11: The process according to claim 1, wherein said carbon produced in (i) is further processed into a carbon containing anode.

12: A joint plant, containing: (a) a reactor for a pyrolysis process, (b) a reactor for a production of anodes for an aluminum process, (c) a power plant and/or at least one gas-fired burner, and (d) optionally, a reactor for an electrolysis for producing aluminum.

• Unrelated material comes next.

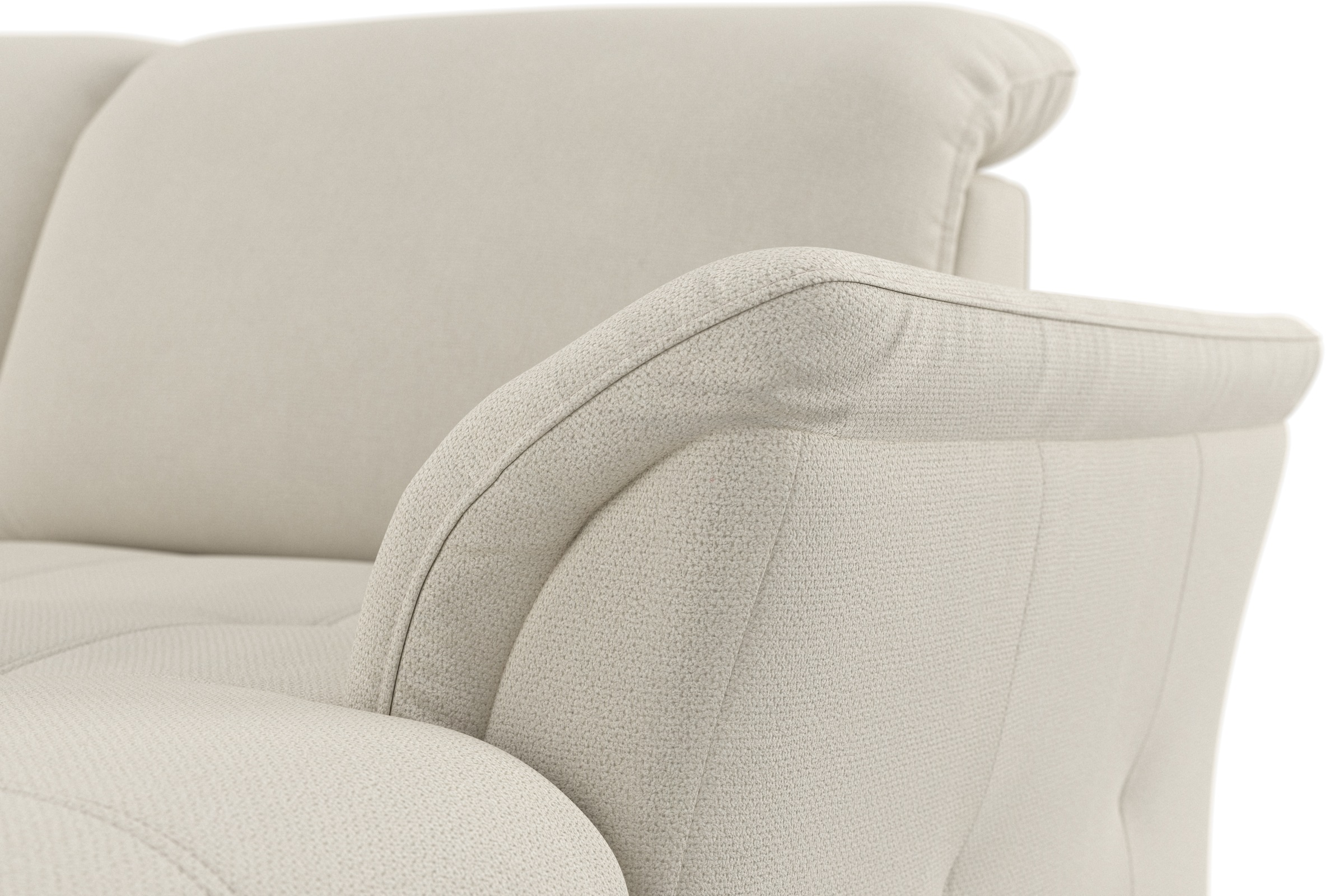 sit&more Wohnlandschaft »Maggiore U-Form«, wahlweise mit Kopfteilverstellung, Bettfunktion und Stauraum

13: The process according to claim 1, further comprising: (iii) producing aluminum.

Description

EXAMPLES

Example 1

[0088] An aluminum smelter which historically averages 1.36 kWh/kg Al product on the anode baking step, supplied by direct combustion of natural gas, replaces 50% of its anode carbon with pyrolytic carbon. This gives direct reduction of 50% of the sulfur emissions from the smelting step. The methane pyrolysis produces an additional 0.07 kg of H2 and requires 0.88 kWh energy to perform the pyrolysis per kg of final Al production. Direct combustion of the Hydrogen byproduct is used to heat the pyrolysis step. Because the byproduct gasses with the hydrogen will be mostly methane, purification is not required if the hydrogen is used in combustion burners. The residual H2 after heating the pyrolysis reactor is used to heat the anode baking step, completely displacing the natural gas demand in baking and resulting in net reduction of 500 kg CDE (Carbon dioxide emissions) per metric ton of Al. The remaining excess 0.12 Nm3 of H2 per kg of Al and can sold or flared or used elsewhere in the system.

Example 2

[0089] As in Example 1, an aluminum smelter which historically averages 1.36 kWh/kg Al product on the anode baking step, supplied by direct combustion of natural gas, replaces 50% of its anode carbon with pyrolytic carbon. This gives direct reduction of 50% of the sulfur emissions from the smelting step. The methane pyrolysis produces an additional 0.07 kg of H2 and requires 0.88 kWh energy to perform the pyrolysis per kg of final Al production. Direct combustion of the Hydrogen byproduct is used to heat the pyrolysis step, and residual H2 is blended with natural gas for direct use in existing combined cycle power generation turbines. The resultant power is used to provide electrical power to the smelters. The total generated pyrolysis hydrogen displaces 15% by volume of the total natural gas. Hydrogen enrichment to 30% can be used with little or no modification to existing burners. This results in a direct reduction of 350 kg/metric ton Al CDE (CO2 emissions).

Example 3

[0090] As in Example 2, an aluminum smelter which historically averages 1.36 kWh/kg Al product on the anode baking step, supplied by direct combustion of natural gas, replaces 50% of its anode carbon with pyrolytic carbon. This gives direct reduction of 50% of the sulfur emissions from the smelting step. The methane pyrolysis produces an additional 0.07 kg of H2 and requires 0.88 kWh energy to perform the pyrolysis per kg of final Al production. The Hydrogen byproduct is blended with natural gas for direct use in existing combined cycle power generation turbines. The resultant power is used to provide electrical power to the pyrolysis reactor and the smelters. The total generated pyrolysis hydrogen displaces 20% by volume of the total natural gas. This results in a direct reduction of 170 kg/metric ton Al CDE (CO2 emissions).